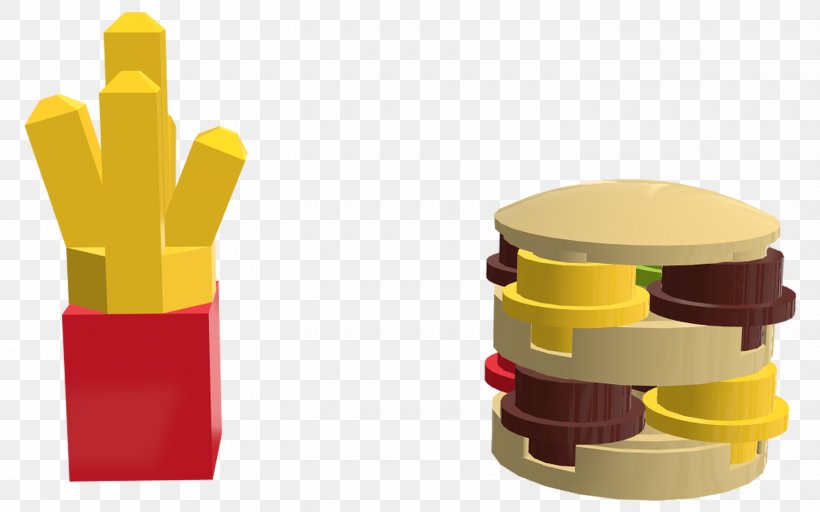 Product Design Plastic, PNG, 1440x900px, Plastic, Toy, Yellow Download Free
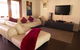 Pemberton Lodge - thumb 3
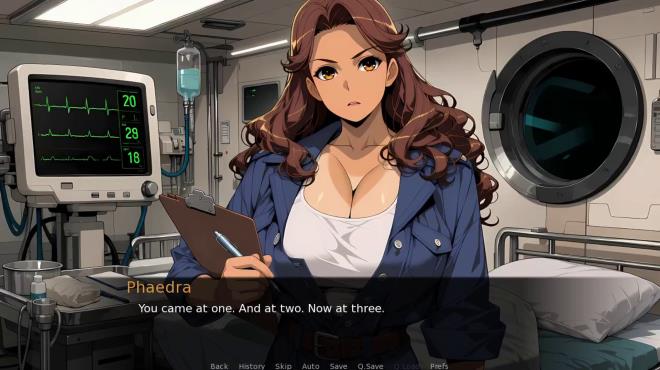 War Risk Torrent Download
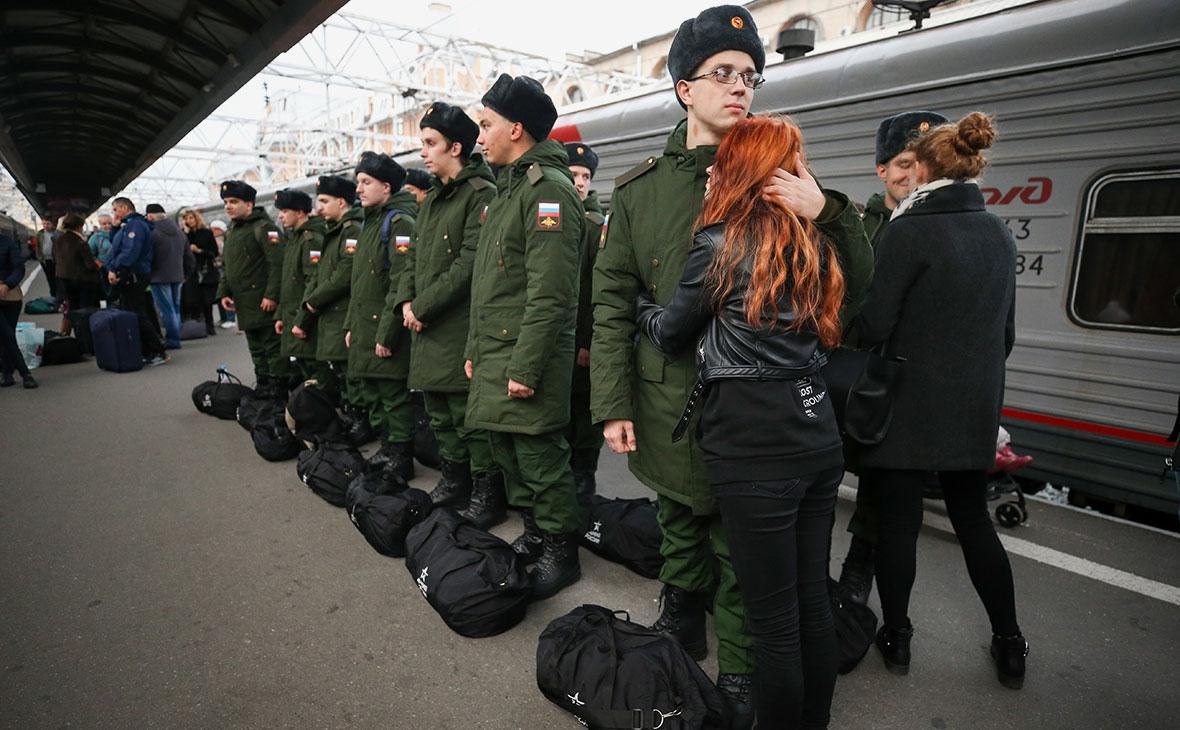 Фото: Петр Ковалев / ТАСС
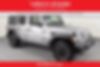 1C4HJXDN0KW590263-2019-jeep-wrangler-unlimited-0
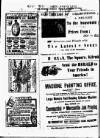 Kilrush Herald and Kilkee Gazette Friday 13 October 1905 Page 6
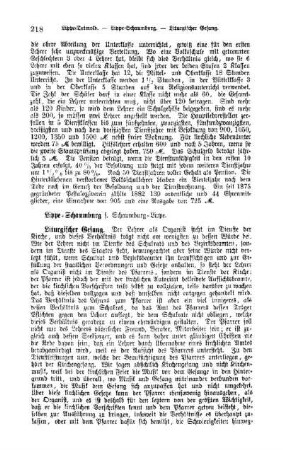 Lippe-Schaumburg, s. Schaumburg-Lippe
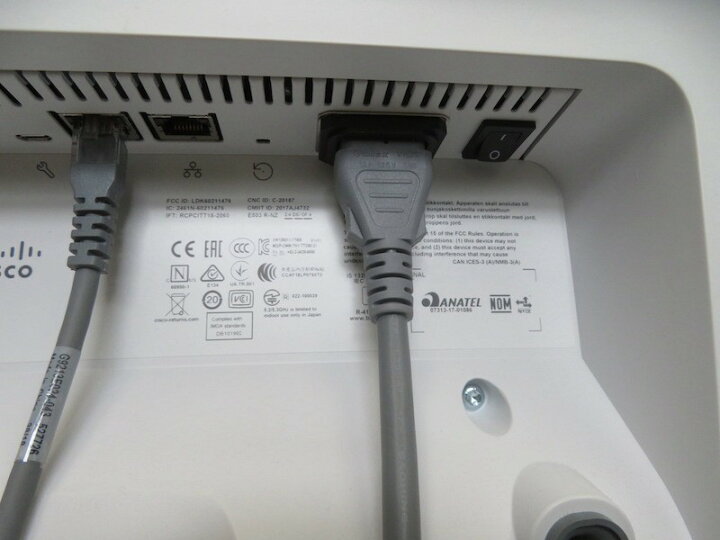 楽天市場】【4拠点同時接続・高画質Web会議に最適】Cisco Webex Room 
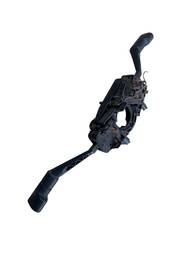 CHAVE DE SETA MONZA KADETT 1983 1986 1991 1994 1997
────────────────
THE PROBLEM>
Each line from the one with "Pemberton Lodge - thumb 3" to the end of the material needs to be output word for word, with no picture included.

OUTPUT OF THE TASK>
 Pemberton Lodge - thumb 3
 War Risk Torrent Download
 Фото: Петр Ковалев / ТАСС
 1C4HJXDN0KW590263-2019-jeep-wrangler-unlimited-0
 Kilrush Herald and Kilkee Gazette Friday 13 October 1905 Page 6
 Lippe-Schaumburg, s. Schaumburg-Lippe
 楽天市場】【4拠点同時接続・高画質Web会議に最適】Cisco Webex Room 
 CHAVE DE SETA MONZA KADETT 1983 1986 1991 1994 1997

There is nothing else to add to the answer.